START DATA FOR THE TASK

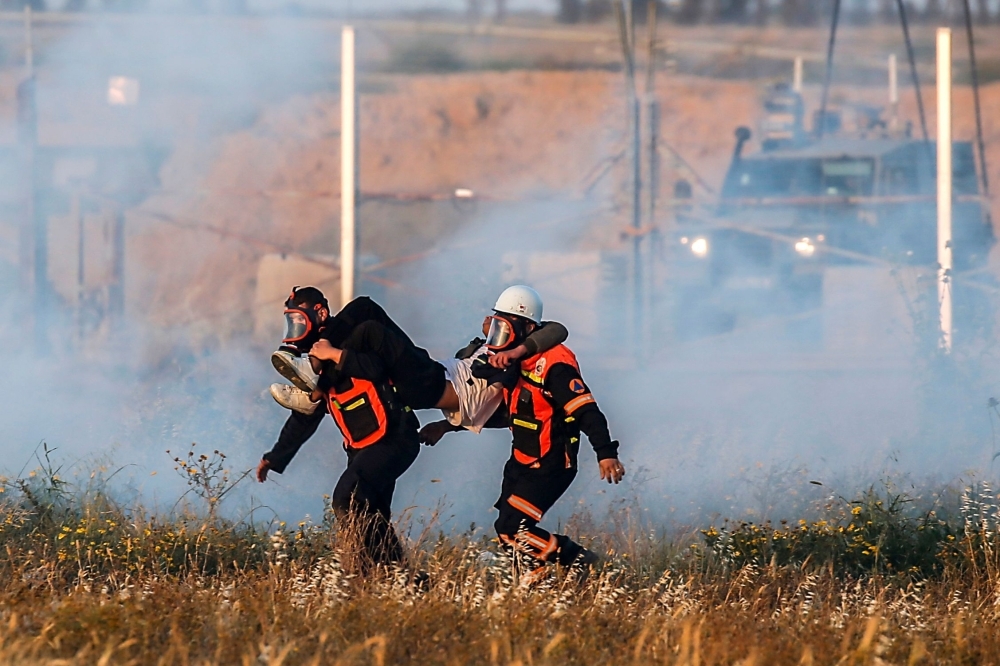 Palestinian paramedics carry an injured protester during a demonstration near the border with Israel, east of Khan Yunis in the southern Gaza Strip, on Friday. — AFP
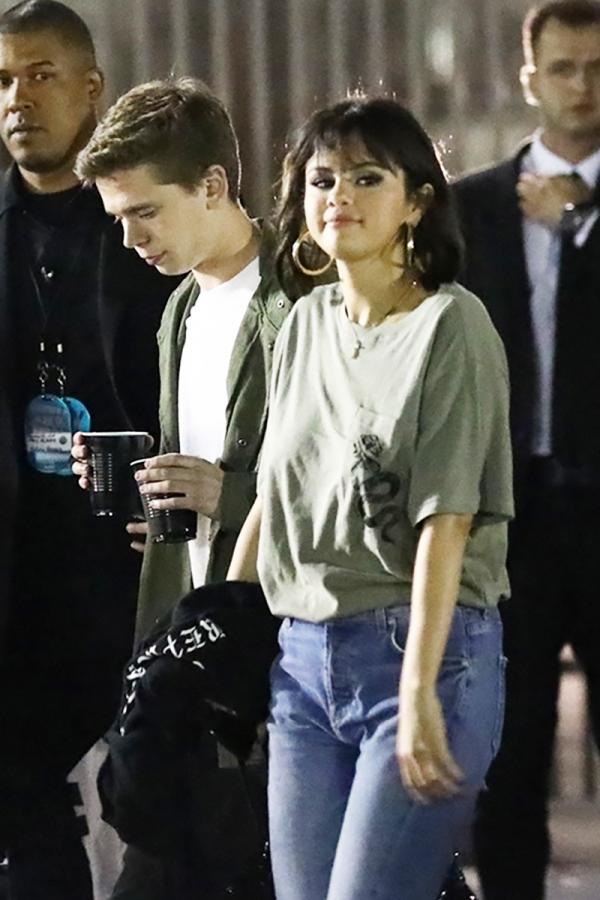 selena gomez goes braless leaves taylor swift concert with mystery man post1 gallery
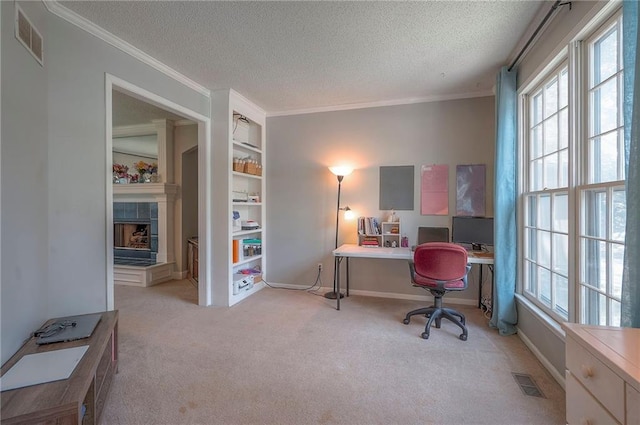 11580 S Skyview Ln, Olathe, KS 66061 - carpeted home office featuring a fireplace, a textured ceiling, ornamental molding, and built in shelves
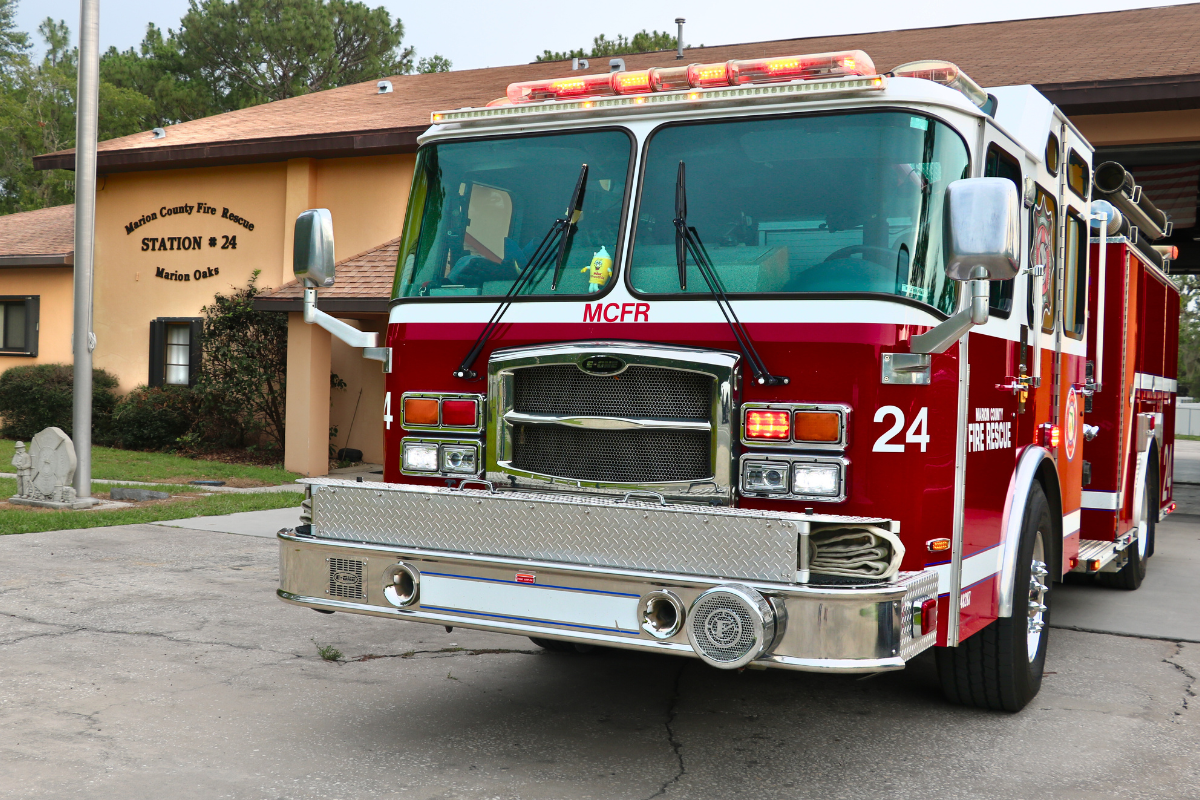 Front of a fire truck with "MCRF" written on the front with "24" and "Marion County Fire Rescue" on the side. A peach-colored fire station is in the background with "Marion County Fire Rescue Station # 24 Marion Oaks" written on the building to the left and flag pole to the left.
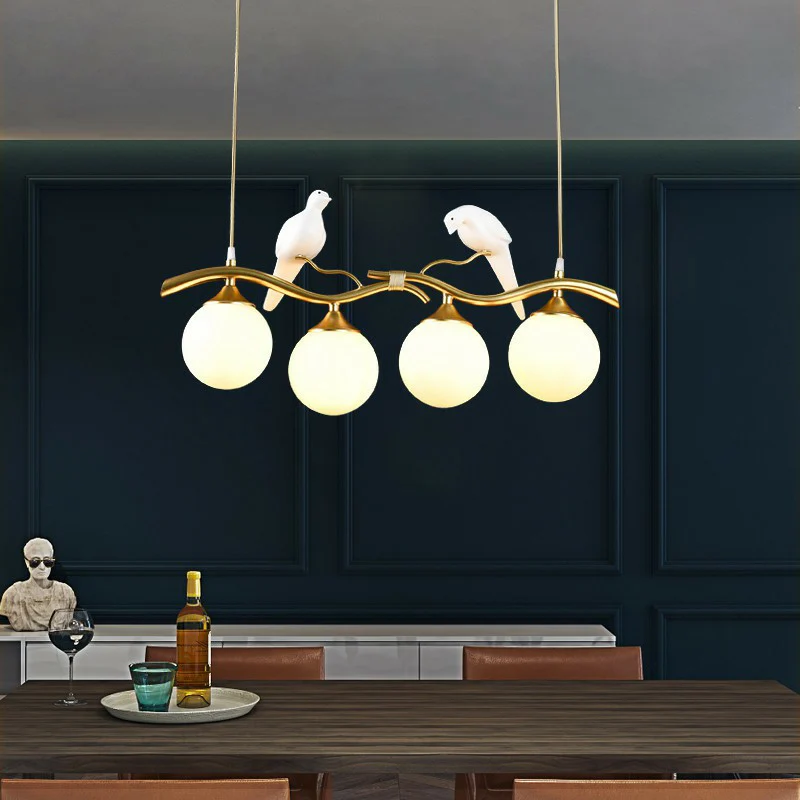Minimalistische Branch Island Lighting Metalen 4-lichts eetkamer hanglamp met bolglazen kap en vogeldeco Clearhalo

END DATA FOR THE TASK

** INSTRUCTIONS FOR THE TASK **
Print the lines from the beginning of the records up to and including the line containing "Front of a fire", word for word, with no pictures.

** WRITTEN RESPONSE **
 Palestinian paramedics carry an injured protester during a demonstration near the border with Israel, east of Khan Yunis in the southern Gaza Strip, on Friday. — AFP
 selena gomez goes braless leaves taylor swift concert with mystery man post1 gallery
 11580 S Skyview Ln, Olathe, KS 66061 - carpeted home office featuring a fireplace, a textured ceiling, ornamental molding, and built in shelves
 Front of a fire truck with "MCRF" written on the front with "24" and "Marion County Fire Rescue" on the side. A peach-colored fire station is in the background with "Marion County Fire Rescue Station # 24 Marion Oaks" written on the building to the left and flag pole to the left.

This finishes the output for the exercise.